In short, C encourages very predictable memory layouts, while Ruby encourages very unpredictable memory layouts. An optimizing compiler can’t do much to fix this.”
I had to agree. Which led me to articulate my point thusly: Programmers who do not understand where syntax stops and libraries begin are doomed to write programs whose execution they do not really understand.
My belief is that it is more difficult to write a truly awful C program because (if it runs at all) it would be too much work to manually reproduce the memory chaos that Ruby so casually produces.
We then had an interesting chat about how a certain large tech company created a “cleaned-up PHP++”. He has some interesting things to say, maybe he will write an article about that.
Thank you for your help Pauli.
So an implicit part of my contention is that modern programming languages lower the bar so that many programmers do not think about about basic computer science (memory structures and computational complexity), and therefore have no basis upon which to understand how their programs will execute.
The other part of my contention is that any Turing complete language could run about as quickly as any other when considered from a pure syntax perspective.

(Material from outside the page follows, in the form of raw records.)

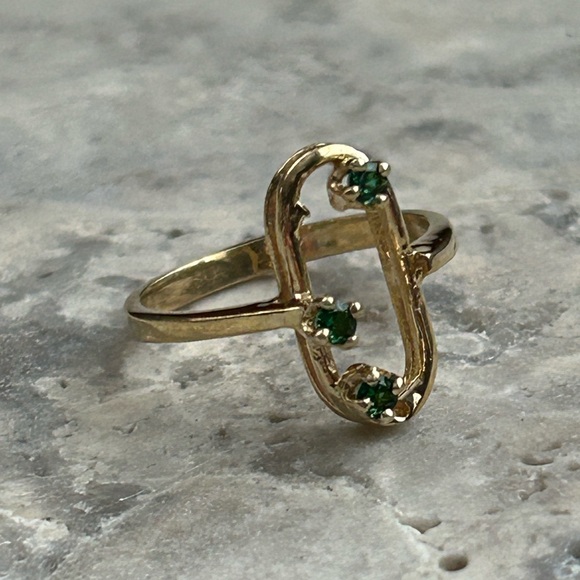 Vintage Multi Emerald Ring, Gold Plated Pure Silver Ring, Size 6 3/4 - Picture 5 of 9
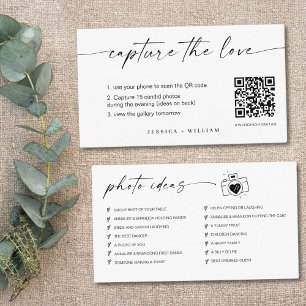 Modern Script Wedding Capture the love QR Code  Enclosure Card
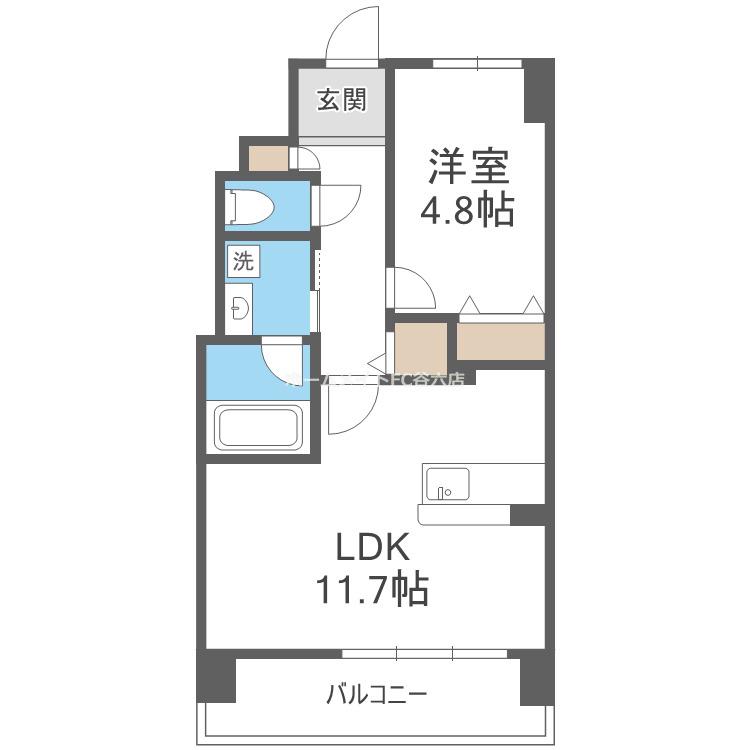 海老江サンライズ(1LDK/5階)の間取り写真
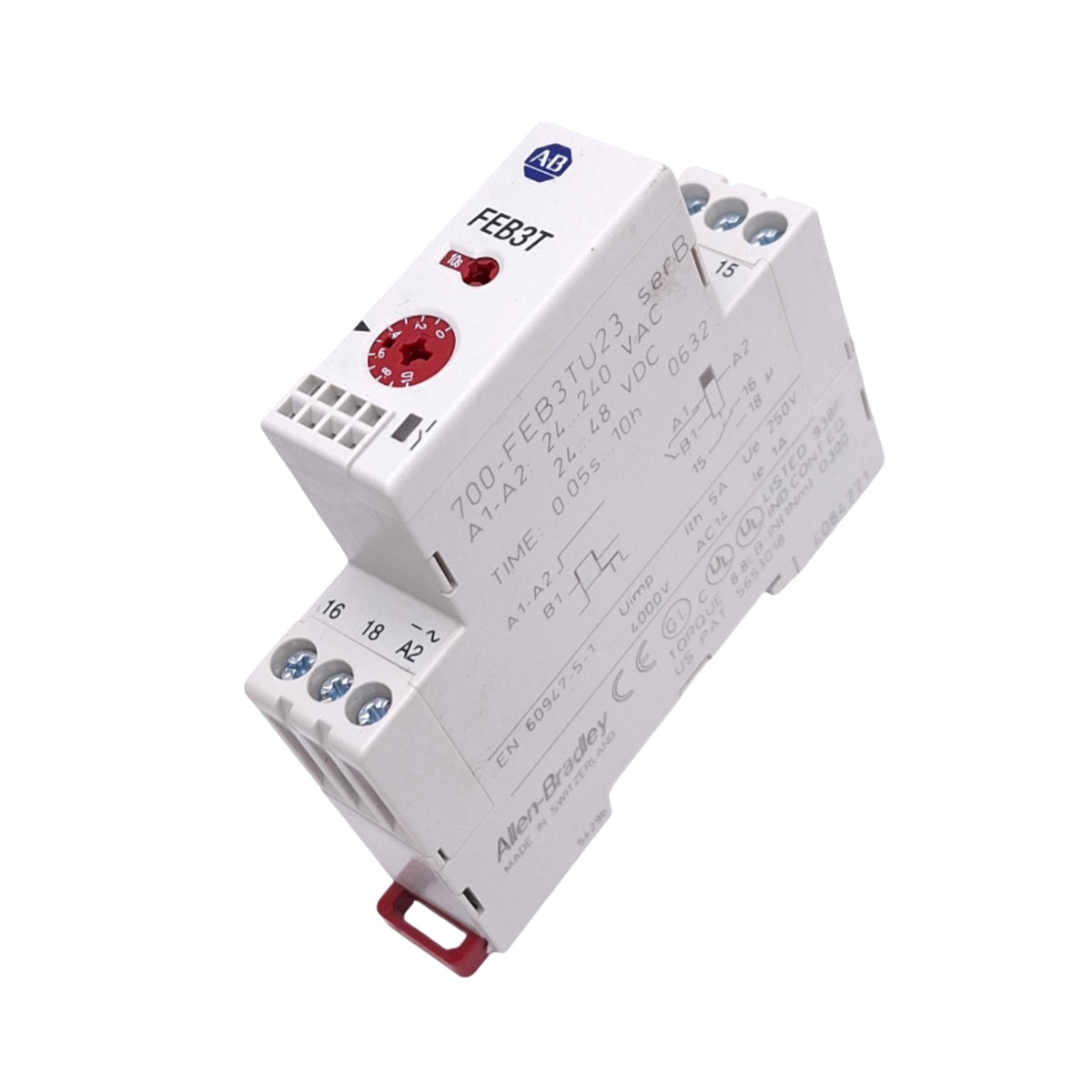 Used Allen Bradley 700-FEB3TU23 Time Delay Relay, SPDT, 5A Max, 24-240VAC/24-48VDC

For example I believe that it would absolutely possible to create a high performance implementation of Ruby on let’s say the JVM. I readily acknowledge that most current Ruby code would break on that system, but that is as a result of the programming choices made in the standard libraries, not as a fundamental constraint of the language (syntax) itself.
I have say, (as a self-admitted cargo cult programmer) that it is definitely possible that I just don’t understand Ruby syntax and/or the Church–Turing thesis.
CPUs (or VMs) speak only one language
Ruby and its shotgun approach to memory management notwithstanding; any programming language that would have as many hours invested in optimizing its compilation as Java or C, would run just as fast as Java or C and this is because CPUs (and VMs) speak only one language: machine language. No matter what language you write in, sooner or later it gets compiled to machine language and the things that affect performance are how fundamental computer science principles are implemented in the standard libraries, and how effectivethe compilation is, notwhen it happens.
The moral of the story is that programmers should spend less time crushing out on languages and more time understanding how they work under the hood.
I will finish with a quote from the great Sussmann:
“…computers are never large enough or fast enough. Each breakthrough in hardware technology leads to more massive programming enterprises, new organizational principles, and an enrichment of abstract models. Every reader should ask himself periodically ‘‘Toward what end, toward what end?’’ — but do not ask it too often lest you pass up the fun of programming for the constipation of bittersweet philosophy.”
* The original Sun JVM was written in C. The original IBM JVM was written in SmallTalk. Other JVMs have been written in C++.
The Java API (class libraries without which most Java programmers would unable to make even a simple application) are written in Java itself for the most part.
** It is worth noting that this happens again when the machine language of the VM “hits” the hardware CPU, which immediately takes a group of instructions, breaks them apart, looks for patterns it can optimize, and then rebuilds it all so it can pipeline microcode.